Drawing on the iPad, a year later

So about a year ago, I bought an iPad. Along with hoping for it to help me at work, I was planing to make the iPad my go to thing for drawing. Even after I got the ridiculously priced, Wacom “pen,” I thought with some practice, the iPad would be the best thing to draw with ever.

Yeah, no.

Here’s the biggest problem with it. The lack of a good tool. In order to save some money, I bought an iPad 2, not knowing there would be a lot of nice pressure sensitive add-ons that would be coming out last year for the iPad 3 and beyond. That sucked, as my biggest gripe with using the iPad for drawing is that there is no sensitivity– which yes, I knew going in, but when the option is there but I can’t get it, is frustrating to say the rest.

And then there’s the whole “pen” thing. The Wacom pen is awful. Any pen is awful with that sponge for a tip. It takes away all precision in a drawing. For Christmas this year, in another effort for me to not regret getting the iPad for drawing, I got the JotPro, which works much better, yes. But that tip is still frustrating. There is still a lack of precision, although that lack is a much smaller margin, I will admit. The JotPro has another downfall: the tapping. Drawing on the iPad, no matter how lightly you touch the screen, you hear the tap tap tap tap. And it will scratch scratch scratch your screen as well. Yes, I have a shield on it, but some of the scratches in the shield are so deep, I’m worried what the tablet’s face will look like when I take it off. I do like using the JotPro, but it’s not a replacement for the more traditional Intuos I have for my real computer.
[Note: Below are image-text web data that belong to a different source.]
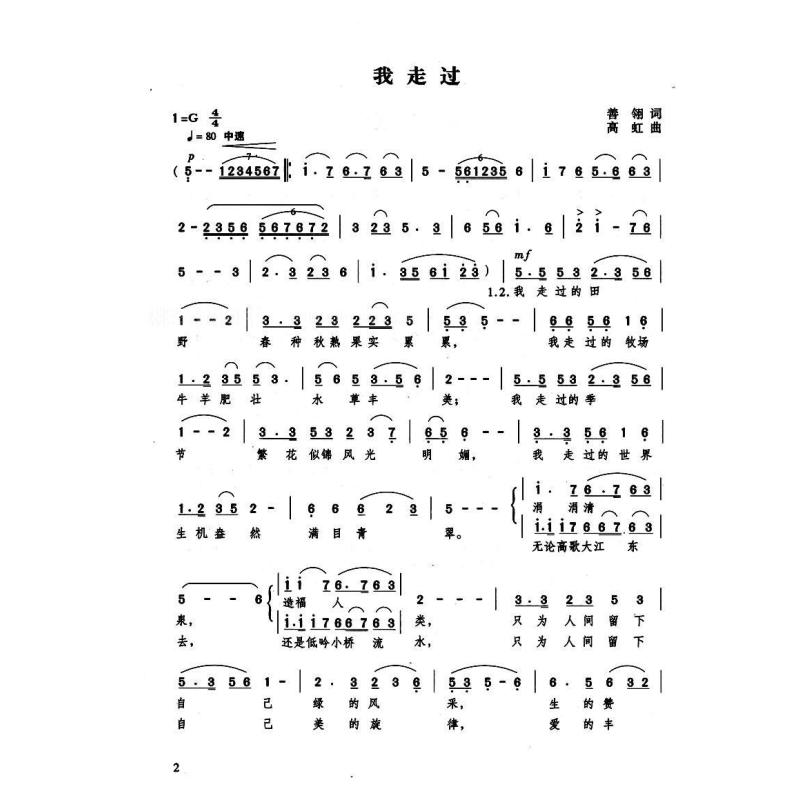 高考艺术类声乐曲目-声乐高考有哪些曲目适合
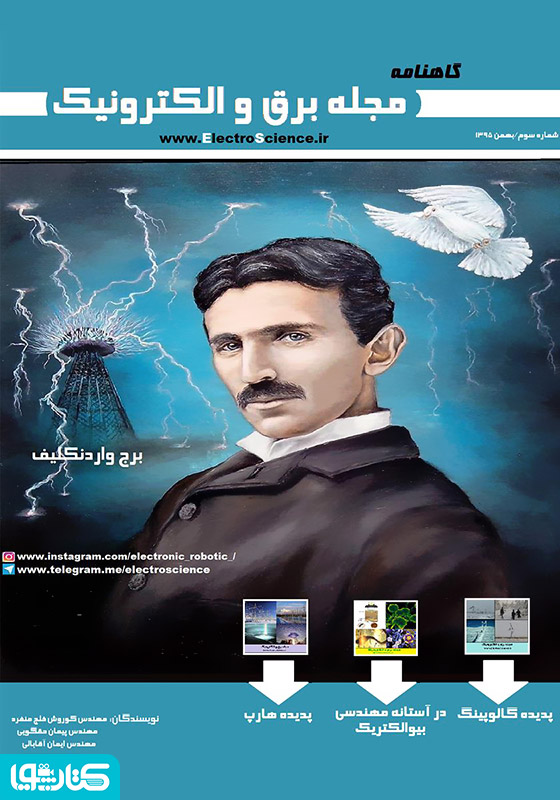 گاهنامه برق و الکترونیک - بهمن 95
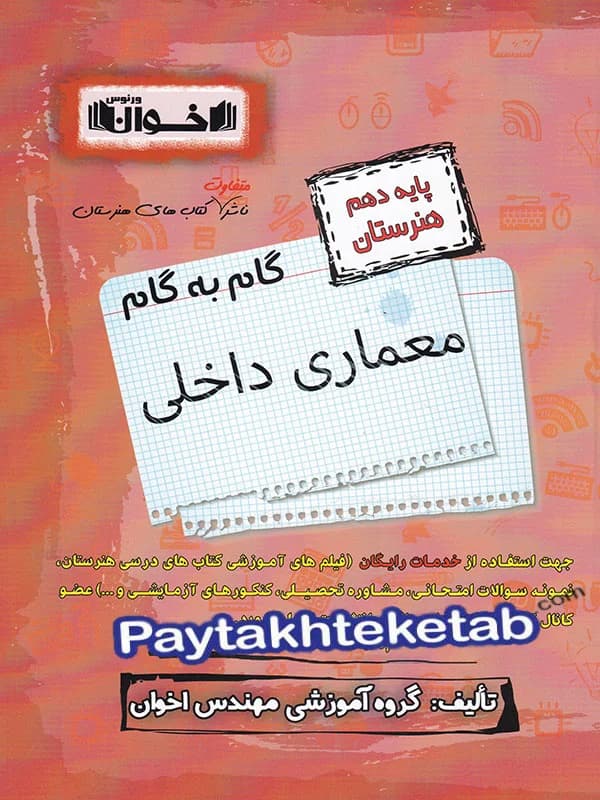 گام به گام معماری داخلی دهم فنی و حرفه ای اخوان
And seeing as the Intuos doesn’t have a screen, and that’s my biggest disconnect with the Intuos, the iPad has not warmed my heart.

Now this makes it sound like I hate my iPad, which is the exact opposite. It has been incredibly useful at work, and for working on this site in particular, thanks to the WP app. I’ve read dozens of books and comics on the iPad, and have lost many MANY games of Catan. It’s great as a computer on the go, especially when it comes to reading and writing.

But as an art tablet, it’s not there yet.